*** Opening of Data ***
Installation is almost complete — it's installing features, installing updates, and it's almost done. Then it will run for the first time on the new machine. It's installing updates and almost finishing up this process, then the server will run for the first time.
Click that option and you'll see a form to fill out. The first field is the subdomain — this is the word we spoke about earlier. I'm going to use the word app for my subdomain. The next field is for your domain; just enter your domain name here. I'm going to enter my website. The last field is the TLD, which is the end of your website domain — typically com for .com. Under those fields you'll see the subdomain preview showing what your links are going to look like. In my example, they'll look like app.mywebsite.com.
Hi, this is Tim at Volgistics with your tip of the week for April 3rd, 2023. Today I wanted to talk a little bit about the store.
*** Close of Data ***
*** Opening of Data ***
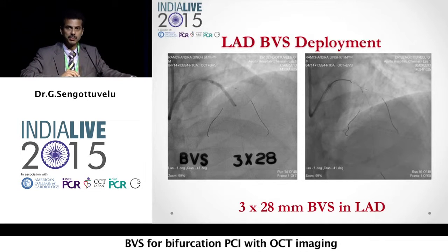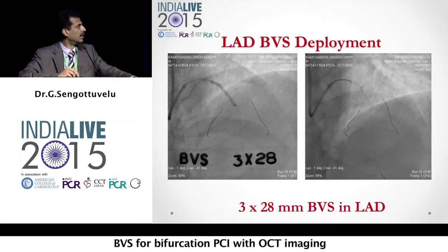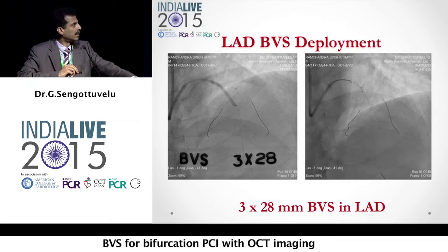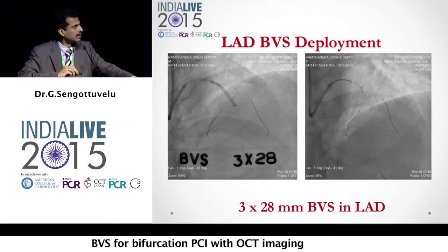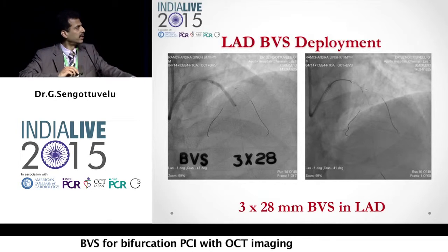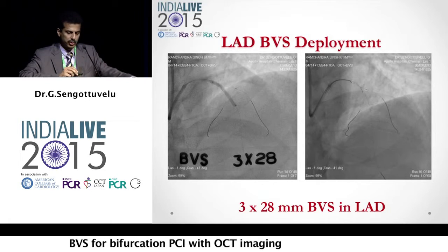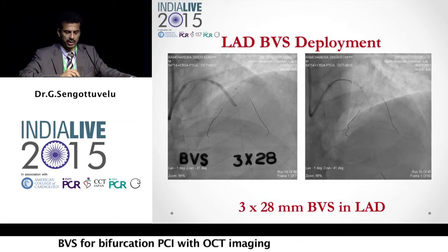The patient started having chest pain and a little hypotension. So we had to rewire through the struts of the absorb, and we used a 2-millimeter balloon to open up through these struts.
*** Close of Data ***
*** Opening of Data ***
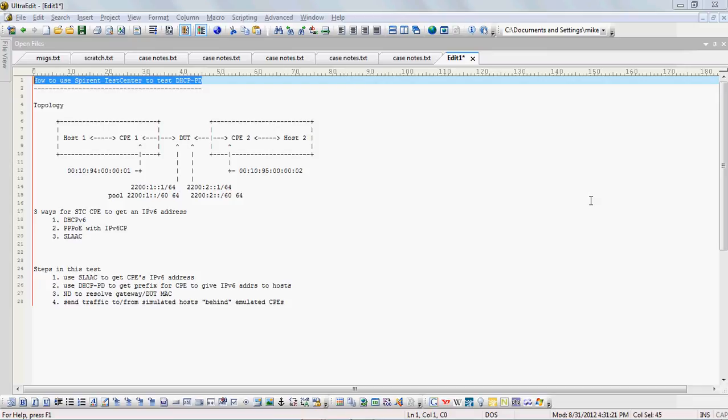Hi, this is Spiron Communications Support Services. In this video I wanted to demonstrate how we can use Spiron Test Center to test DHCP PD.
*** Close of Data ***
■ Goal of the exercise
Among the lines above, repeat exactly those from the line with "Installation is almost" to the line with "Hi, this is Tim", counting both ends.

■ Answer to the exercise
Installation is almost complete — it's installing features, installing updates, and it's almost done. Then it will run for the first time on the new machine. It's installing updates and almost finishing up this process, then the server will run for the first time.
Click that option and you'll see a form to fill out. The first field is the subdomain — this is the word we spoke about earlier. I'm going to use the word app for my subdomain. The next field is for your domain; just enter your domain name here. I'm going to enter my website. The last field is the TLD, which is the end of your website domain — typically com for .com. Under those fields you'll see the subdomain preview showing what your links are going to look like. In my example, they'll look like app.mywebsite.com.
Hi, this is Tim at Volgistics with your tip of the week for April 3rd, 2023. Today I wanted to talk a little bit about the store.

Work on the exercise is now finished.